Try it:
Give back exactly the lines of the data below, starting with the line that has "BMSB control European" and going on through the line that has "Photo of Outdoor in Mount Alexander Shire".

Working data:
::::

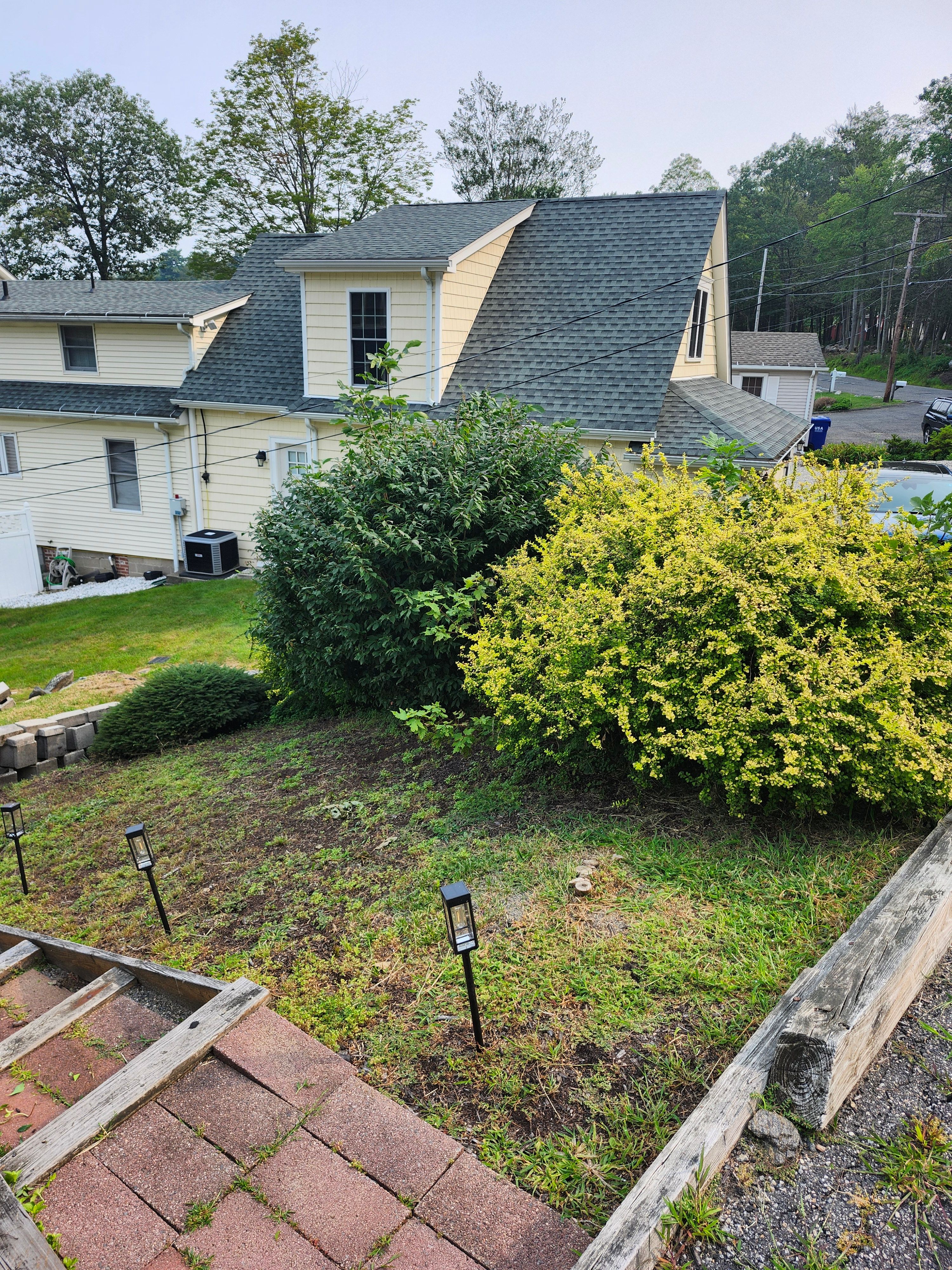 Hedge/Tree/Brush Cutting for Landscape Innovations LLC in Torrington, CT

::::

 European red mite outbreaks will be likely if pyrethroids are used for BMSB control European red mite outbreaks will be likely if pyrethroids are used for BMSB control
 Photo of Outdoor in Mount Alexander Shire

::::

Response box:
 European red mite outbreaks will be likely if pyrethroids are used for BMSB control European red mite outbreaks will be likely if pyrethroids are used for BMSB control
 Photo of Outdoor in Mount Alexander Shire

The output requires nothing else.